Lloyds Banking Group has announced a 2.0 billion pound ($2.53 billion) share buyback program following better-than-expected profit results for the fourth quarter of 2023, despite facing challenges such as lower income and increased provisions.
Strong Performance in Q4
The British lender reported a pretax profit of GBP1.775 billion for the three months ending Dec. 31, exceeding the GBP1.06 billion recorded in the same period the previous year and surpassing the consensus estimate of GBP1.65 billion.
While net income dropped to GBP4.23 billion from GBP4.69 billion in the prior-year period, missing the consensus estimate of GBP4.43 billion, the bank’s net interest income totaled GBP3.32 billion, slightly under the expected GBP3.37 billion.
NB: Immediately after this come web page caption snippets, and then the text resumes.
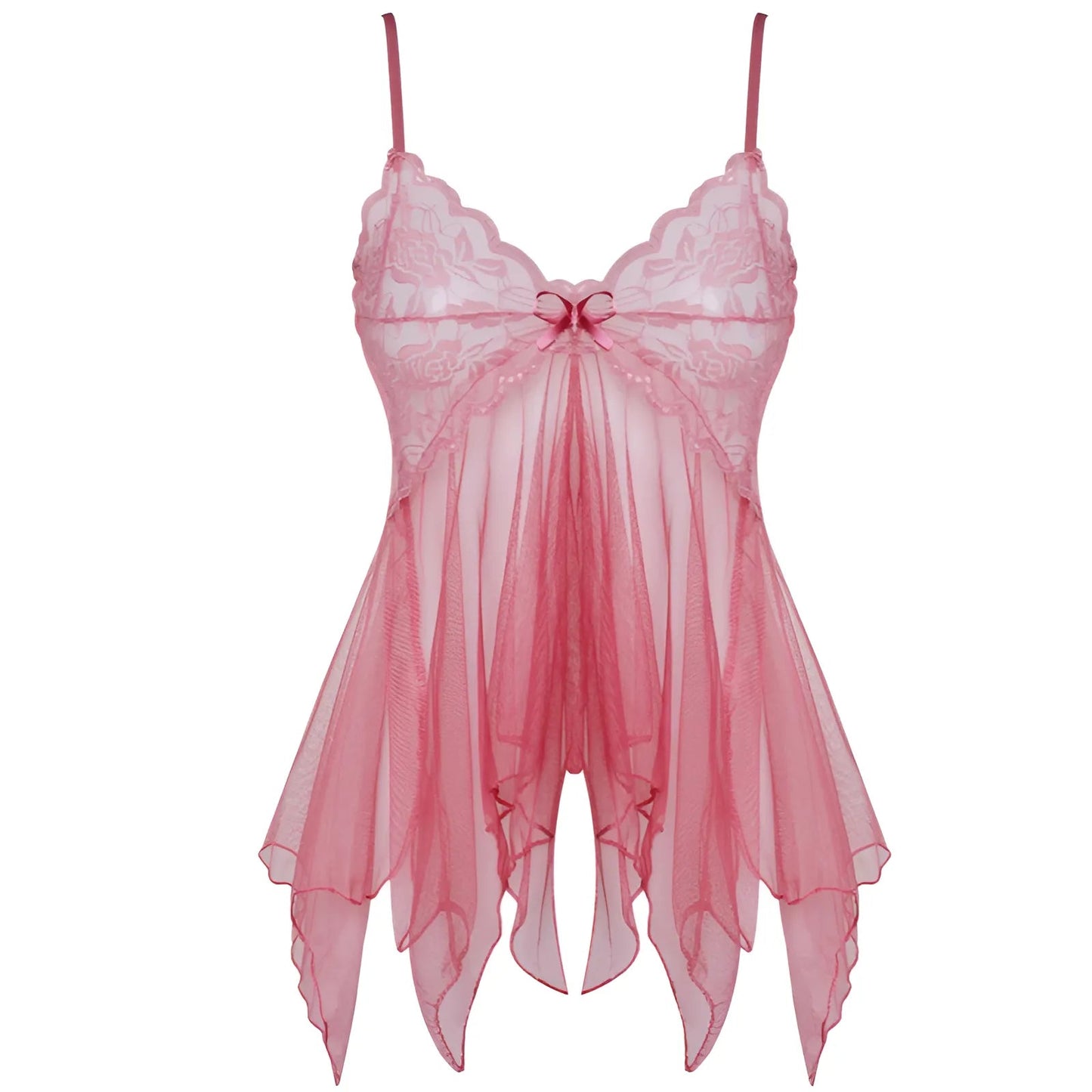 Rosa Camicia da notte trasparente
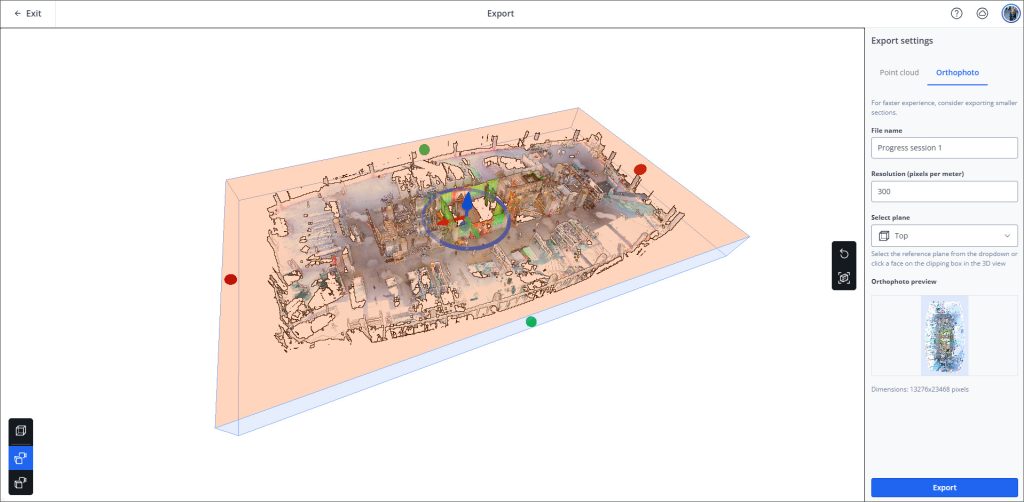 orthophoto export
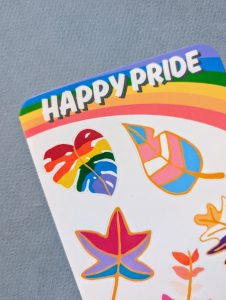 Vinyl sticker sheet featuring pride designs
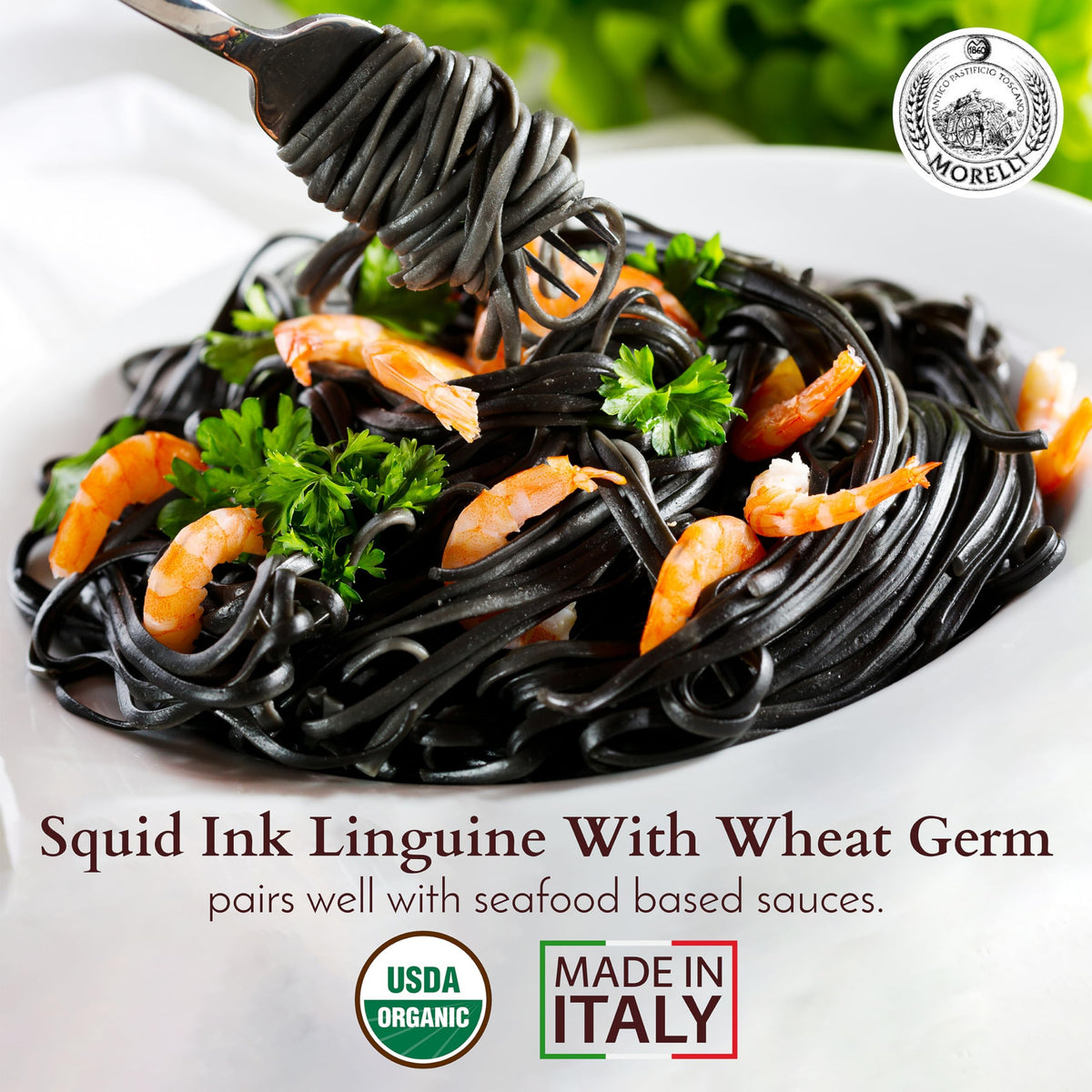 Morelli durum wheat semolina pasta ingredients shot emphasizing premium Italian craftsmanship.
Margin Outlook and Cost Concerns
Lloyds Banking Group’s net interest margin for the quarter stood at 2.98%, below the anticipated 3.01%. Looking ahead to 2024, the bank expects a margin above 2.90%, slightly below analysts’ projected 2.96%, as the impact of higher interest rates diminishes.
On the cost front, the bank foresees higher expenses in the coming year, with operating costs estimated at around GBP9.3 billion, up from the previous forecast of approximately GBP9.2 billion.
Provisions and Dividend Declaration
Despite these challenges, the board declared a final dividend of 1.84 pence, resulting in a full-year payout of 2.76 pence.